◆ ABOUT THIS EXERCISE ◆
Could you reproduce the lines below from the one with "Constructing and Reconstructing Gender pdf" through the one with "Of The Pitons"? Keep both ends and add nothing.

◆ DATA TO USE ◆

- Opening Delimiter -

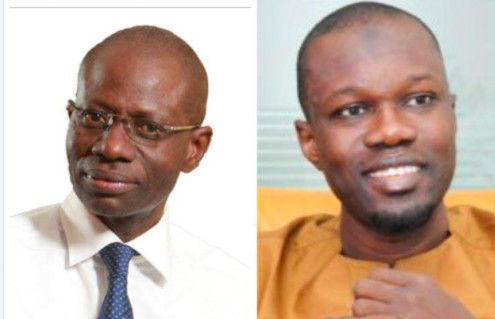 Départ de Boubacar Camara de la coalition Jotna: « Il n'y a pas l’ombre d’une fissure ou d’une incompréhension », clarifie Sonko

- Closing Delimiter -
- Opening Delimiter -

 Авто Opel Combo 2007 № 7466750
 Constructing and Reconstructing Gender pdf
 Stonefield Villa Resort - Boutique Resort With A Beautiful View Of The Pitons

- Closing Delimiter -

◆ RESPONSE FOR THIS EXERCISE ◆
 Constructing and Reconstructing Gender pdf
 Stonefield Villa Resort - Boutique Resort With A Beautiful View Of The Pitons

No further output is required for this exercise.